A LED bulb must have a resistor as current limiter built-in or external to work in the same socket an halogen bulb works. Even when polarity was respected, there is a good chance your LED is very blown milliseconds after powering it.
 
Is the 12V supplied by a transformer or switch mode supply?

If it is a switch mode supply, most likely is the LED cob doesn't draw enough current to keep the supply happy and it is shutting down.
 
A LED bulb must have a resistor as current limiter built-in or external to work in the same socket an halogen bulb works. Even when polarity was respected, there is a good chance your LED is very blown milliseconds after powering it.
Hi
No it is still working ok on another 12v supply.
cheers
Spike
 
Is the 12V supplied by a transformer or switch mode supply?

If it is a switch mode supply, most likely is the LED cob doesn't draw enough current to keep the supply happy and it is shutting down.

Yes thought that, not sure what I could do to get the LED to work
, other than to get a seperate LED driver.

cheers
Spike
 
A LED bulb must have a resistor as current limiter built-in or external to work in the same socket an halogen bulb works. Even when polarity was respected, there is a good chance your LED is very blown milliseconds after powering it.

Yeh it has got quite a few resistors built in on the COB LED Bulb
 
Was the lamp built for an LED bulb or for a halogen bulb? If it was built to take a halogen bulb, it may have an AC output.
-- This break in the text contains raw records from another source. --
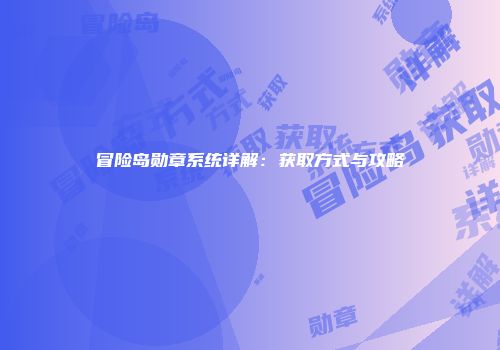 冒险岛勋章系统详解：获取方式与攻略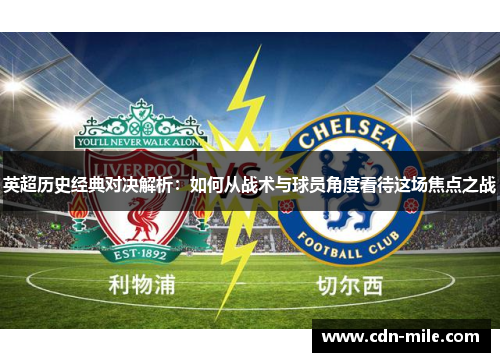 英超历史经典对决解析:如何从战术与球员角度看待这场焦点之战 英超历史经典对决解析:如何从战术与球员角度看待这场焦点之战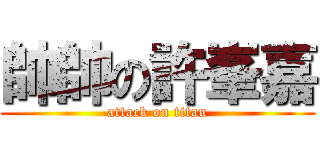 帥帥の許峯嘉 (attack on titan)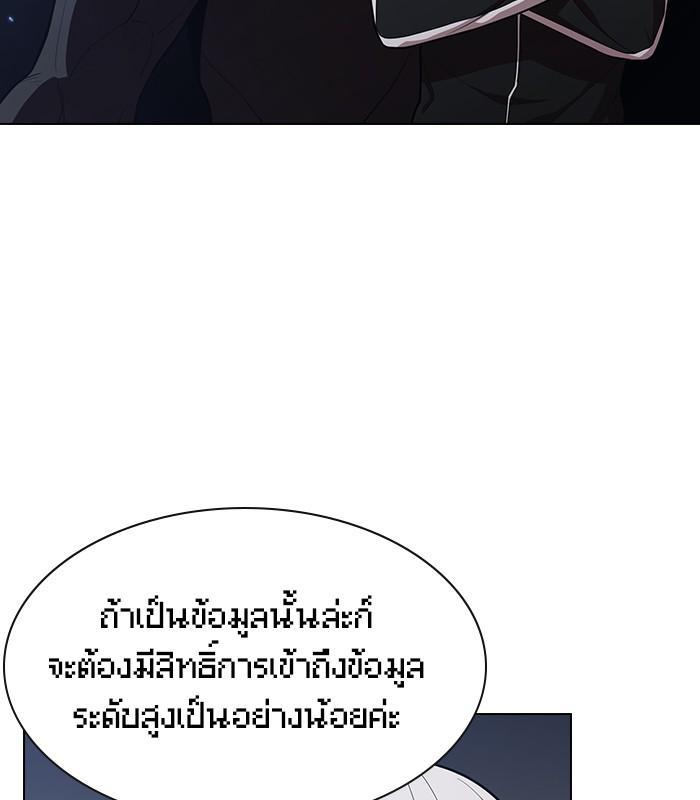 The Tutorial Tower of the Advanced Player ผู้เล่นขั้นเทพแห่งหอคอยฝึกสอน ตอนที่ 26 แปลไทย page 39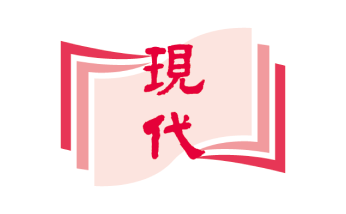 logo_modern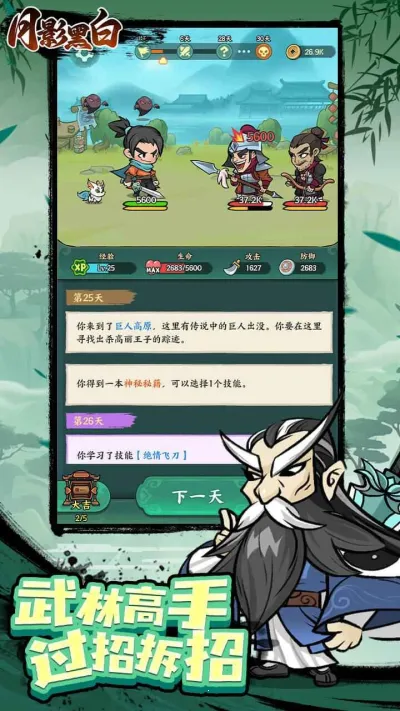 ��Ӱ�ڰ�(����������Ϸ)v1.0.0 �ٷ������ͼ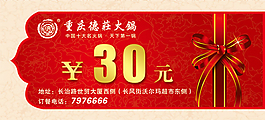 紅色代金券模板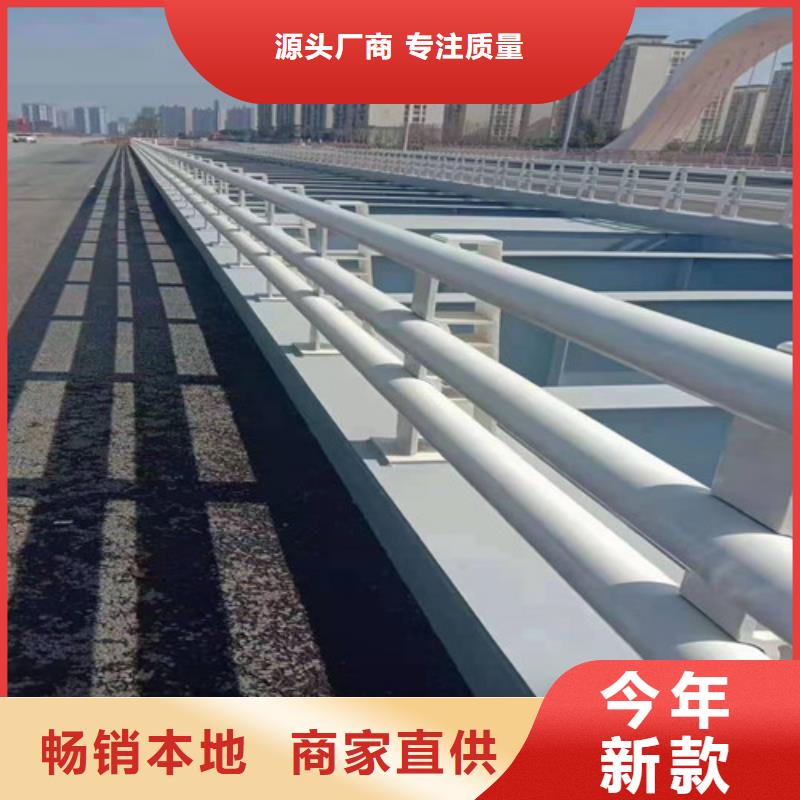 防撞护栏钢板立柱期待您的咨询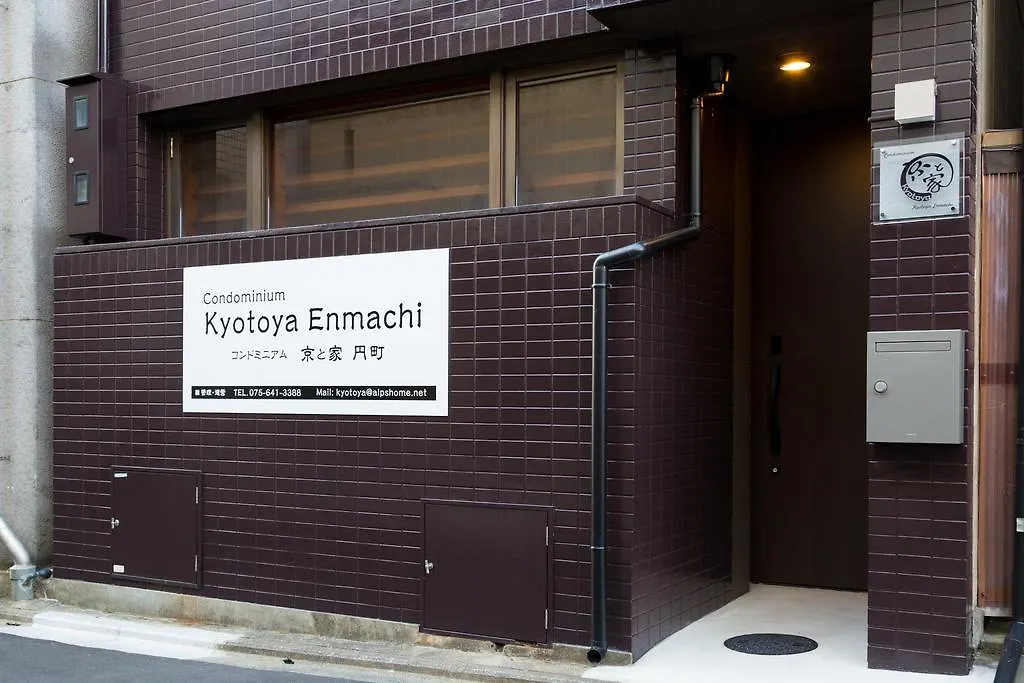 Kyotoya Enmachi Villa 0*, Kyoto Japan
A 12V LED COB will be expecting 12VDC.
 
OK, you'll need to get the multimeter out and check if it is AC or DC 12 V as per Visitor's comment.

If it is DC, as a test, you can wire a resistor in parallel with the LED cob to increase the current draw - start with a 120 Ohm 5 watt resistor - it should draw an extra 100mA in addition to the LED current.

If the LED stays on, then you have the solution, although some of the advantage of moving to an LED is lost because of the increased current.

On the other hand, if the supply is AC, I would expect the LED to run at ~half brightness, rather than come up bright and then go out. The fix for that is to add a bridge rectifier to the supply to convert it to DC.

A picture or two of the actual desk lamp would help too.